The changes since have been drastic. In terms of personnel, the club is almost unrecognisable. Ivan Gazidis, the lamented figure charged with leading the overhaul absconded to AC Milan after just five months, leaving behind a trail of open wounds. He had promised Sven Mislintat, the club’s ‘Diamond Eye’ talent spotter, the role of technical director. But as Raul Sanllehi reverted to a transfer policy dictated by close relationships and key agents, Mislintat was squeezed out and ultimately replaced by Edu.

The departures, sackings and general tugging over the ropes of power stretched to almost every department at the club before even getting to the pitch, where barely half of Wenger’s final first-team squad remains.

And yet, despite such ruthless and wide-ranging changes, Arsenal are afflicted by the same age-old flaws. The defensive frailties, wild bouts of inconsistency, void of leadership, internal disputes and hostage contract scenarios that make up a familiar narrative. Glimpses of Mikel Arteta’s vision had begun to shine through before football’s suspension, but when play does resume Arsenal will still find themselves teetering dangerously on the brink of Europe.

History may paint Unai Emery’s tenure as time wasted. The sensible experienced option at a time when Arsenal craved a radical innovator. But really, he was a necessary buffer between old and new. A coach who'd bend and adjust while the club as a whole took on its new shape. The end was uncomfortable and acrimonious, a serial winner reduced to an outcast. But while those 18 months did little to heal the divide, it allowed the club time to dismantle “a system that had become built to fail”, as one staff member described it, and finally cement a new structure in place.

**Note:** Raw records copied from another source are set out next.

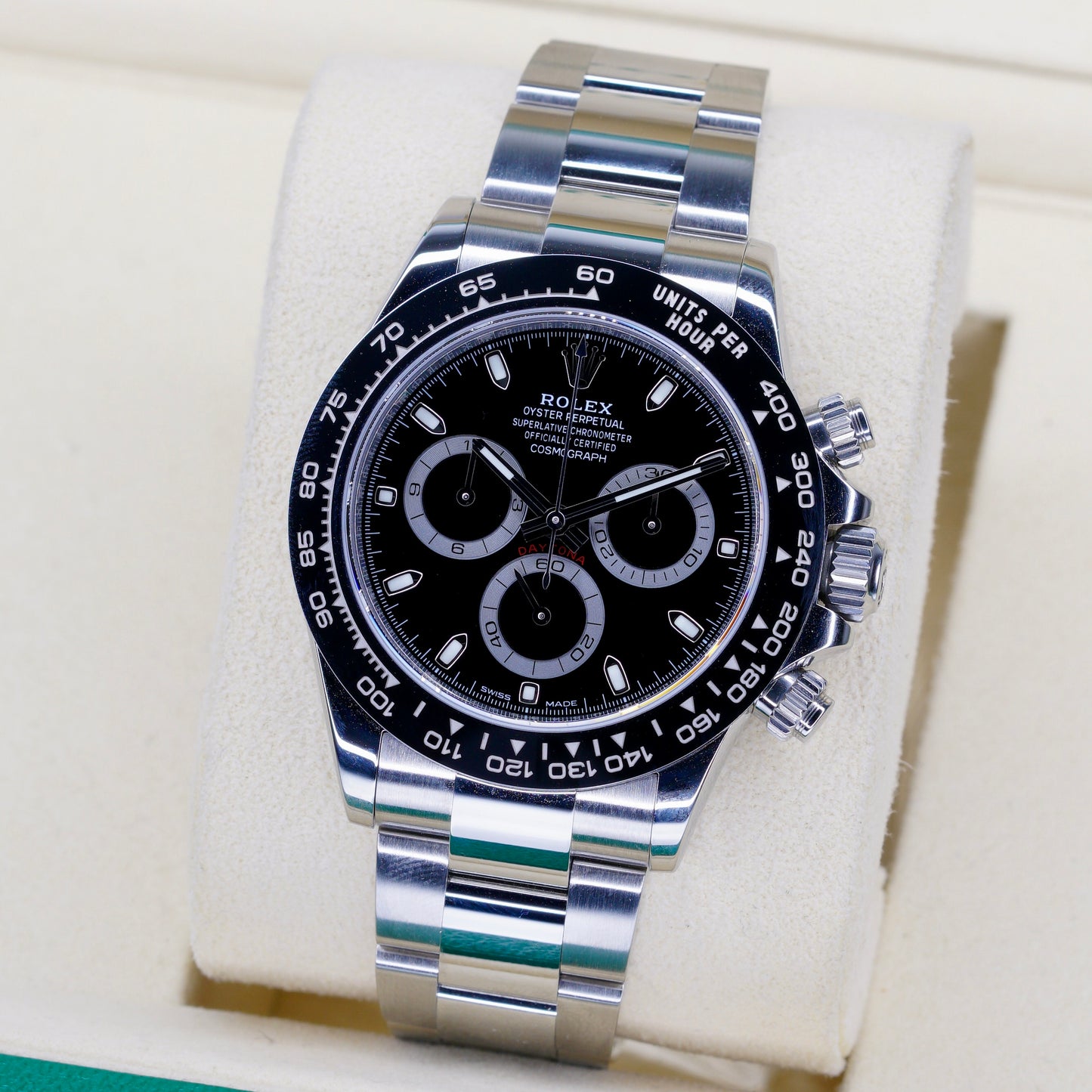 Rolex Daytona 116500LN “REVERSE PANDA” Black Dial White Sub Dials Stainless Steel 40mm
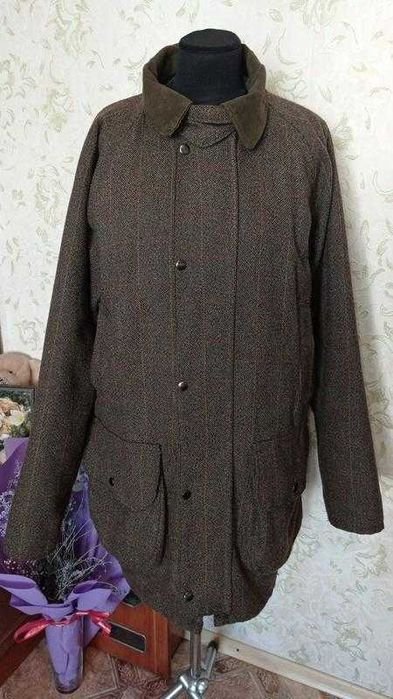 Мужской HOGGS OF FIFE Пальто Коричневый Твид 44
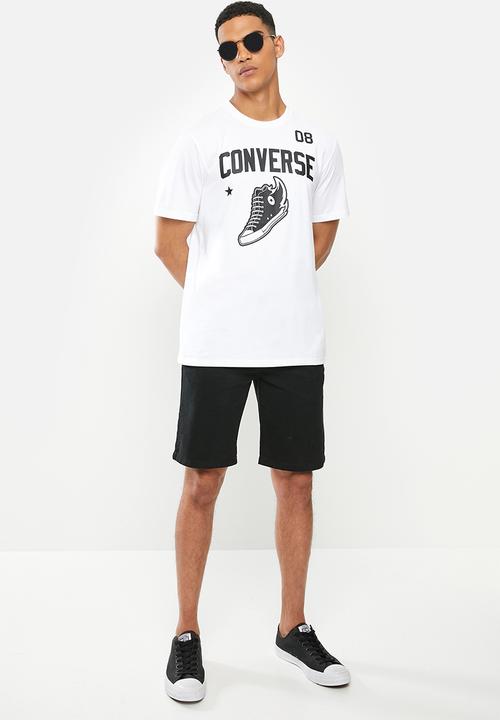 Converse - Chuck all star 08 tee - white
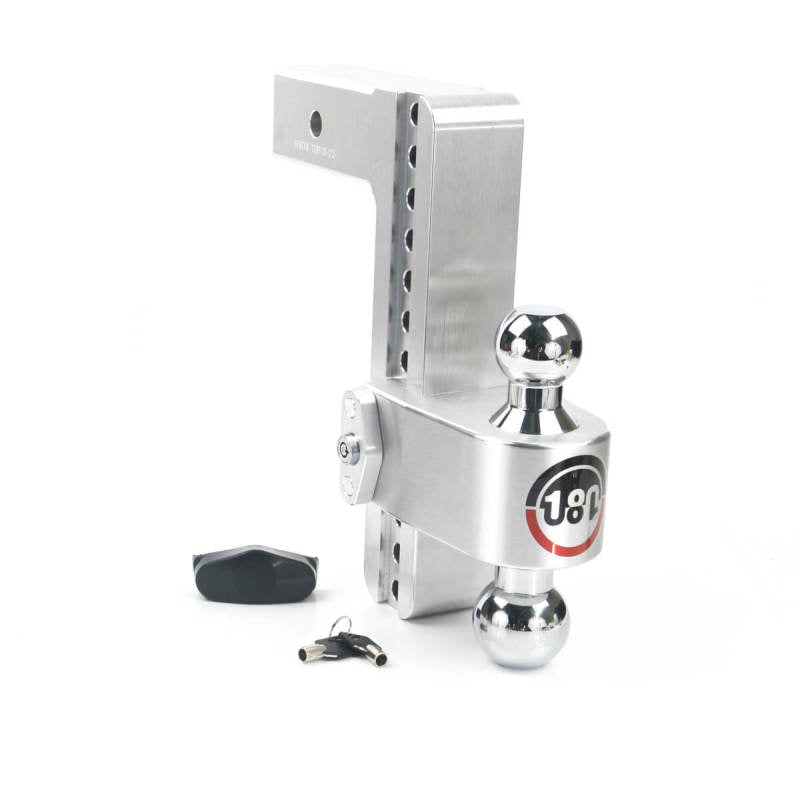 Weigh Safe CTB10-2.5 180 Hitch 10in Drop Hitch & 2.5in Shank (10K/18.5K GTWR) - Aluminum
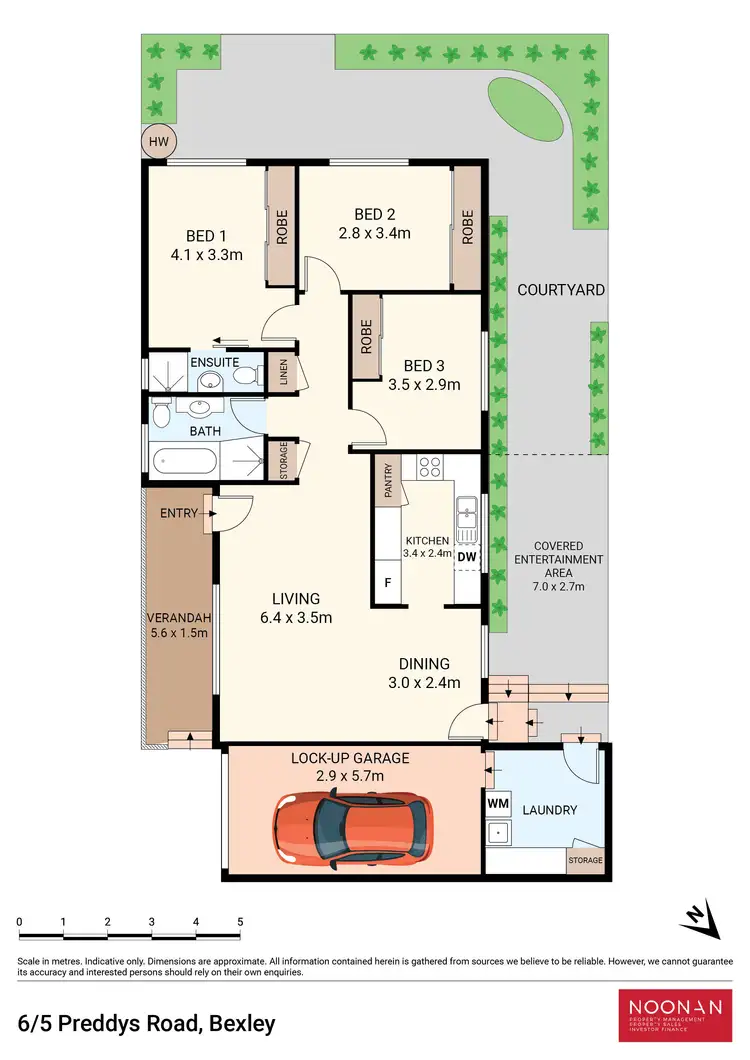 Floorplan of Homely villa listing, 6/5-7 Preddys Road, Bexley NSW 2207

Arteta arrived, albeit under chaotic circumstances, with the promise to redefine standards, rip up bad habits and instil new ideas in the same way Wenger did all those years ago. The lockdown may have brought a halt to its implementation, but his discipline in training, ability to reunite the dressing room, and Guardiola-inspired approach had kickstarted a regime change to match what's already taken place off the pitch.

Two years on, it’s hard to claim Arsenal are any better off. But there is now at least the genuine feeling that the club is at the beginning of something new, with a figurehead to lead them into a new era and all the excitement of the unknown. It's a hope on the horizon that could just as easily sink as swim. But if the future can guarantee one thing, it will be anything but boring.